Individualization as the Means of Sounding Human During Sales While Still Achieving Efficiency

It has been a little over two months since I officially switched over to a new job. The position involves daily communication with various students dreaming of going to top schools around the world, as well as their often anxious parents, with the ultimate aim of selling consulting services that improve every aspect of their university applications. The first weeks on the job have been about learning the different services on offer, what would be enticing and persuasive from the perspective of potential clients, and how to verbalize the benefits our services ultimately provide.

As I slowly build up experience on the job, deepening my understanding of the services and the mentality of potential clients, some patterns are beginning to emerge. While it is hard to summarize concisely, there are verbal cues that indicate a lack of interest, typical profiles that indicate some services are worth mentioning, and visual expressions that indicate prices are too steep. Catching these during conversations and acting upon such information during the process of pitching relevant services is a key skill that will ensure the continued success of myself and all others involved in selling.

But unfortunately, as the patterns become easier to catch and act upon, the mind does become lazier, showing a greater tendency to automatically categorize clients with the slightest pockets of information, and assign an almost template solution for each of the categories. The result is an increasing tendency for conversations to fall into scripted processes suitable for one of the perceived categories, and the following interactions, via text messages, emails, and phone calls, to center on following through the process, rather than thinking about what else can potentially be valuable to bring up in the interactions.

It is worth emphasizing how damaging this "template process" approach to communication can be,  in terms of derailing conversations with potential clients. Applying to universities, particularly to top ones in the US and the UK, is an exercise in individualization. The more customized the content, the more unique the perspectives, and the more innovative the details, the greater chance of being accepted.
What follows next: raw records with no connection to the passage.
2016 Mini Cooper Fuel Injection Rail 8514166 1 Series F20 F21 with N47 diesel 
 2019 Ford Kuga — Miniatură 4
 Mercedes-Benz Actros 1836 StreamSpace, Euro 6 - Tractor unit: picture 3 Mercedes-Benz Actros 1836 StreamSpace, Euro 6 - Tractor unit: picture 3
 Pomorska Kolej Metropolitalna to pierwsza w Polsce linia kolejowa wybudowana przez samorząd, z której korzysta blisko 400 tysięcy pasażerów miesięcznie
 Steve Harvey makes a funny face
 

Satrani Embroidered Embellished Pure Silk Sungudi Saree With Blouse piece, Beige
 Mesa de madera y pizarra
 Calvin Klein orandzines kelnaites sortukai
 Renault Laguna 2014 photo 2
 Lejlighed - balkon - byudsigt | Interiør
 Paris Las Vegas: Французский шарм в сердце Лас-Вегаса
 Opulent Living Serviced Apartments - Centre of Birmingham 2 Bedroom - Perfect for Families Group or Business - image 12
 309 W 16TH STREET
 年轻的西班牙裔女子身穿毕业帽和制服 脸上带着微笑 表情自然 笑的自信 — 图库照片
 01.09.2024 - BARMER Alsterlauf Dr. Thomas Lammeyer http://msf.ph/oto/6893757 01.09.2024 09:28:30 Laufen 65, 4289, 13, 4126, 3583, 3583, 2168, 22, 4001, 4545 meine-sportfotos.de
So naturally, conversations before the application actually take place should also focus on how different each candidate is from all others. Templated methods of communication make this discovery of uniqueness difficult.

As such, finding some sort of individualization in conversation, even if it is limited, would go a long way in ensuring some level of consistency between pitching products and delivering them later on. Each client should expect their case, a once-in-a-lifetime opportunity to go to a top university, to be handled with the utmost care, not just one of many in a nameless assembly line. Having customized conversations, pointing to the uniqueness of each student, almost as a matter of habit, can provide at least some assurances that mass production does not ruin chances of success.

Yet, to approach every conversation in a completely ad hoc way is simply impossible. Given that most products are often the same (even if delivered differently), the process of explaining them will be similar for everyone interested in those products. To be efficient in providing the right information in the most time-efficient manner, standardization in verbal communication is still the foundation of good sales pitches. Comments tailored to the situation of every student will have to be the flourishes that make create visible differentiation between every conversation that involves the same end goal of selling products.

That said, how and how much to individualize every standardized conversation is a difficult question to answer. Every student and parent has a different level of tolerance for formulaic sales pitches, and each would also have a different amount of materials that are available for readily generated customizations. The key to what seems to be unique conversations remains a high level of perceptive capability, always catching the slightest insights that can be picked up and creating an extensive conversation that diverges from the usual script.

Ultimately, individualization is about readiness to do something else when there is no absolute need to. Being aware of the overall structure of conversations is important when communicating set information is the primary purpose of any conversation. But that does not mean the information provider has to deny or forego any possibility of a conversation becoming more mobile or flexible. Having a standardized end goal is always great, but never forget that getting to the same goal can involve some possibilities of path dependency. Being available to explore different means to fulfill an end will be important for personalizing sales.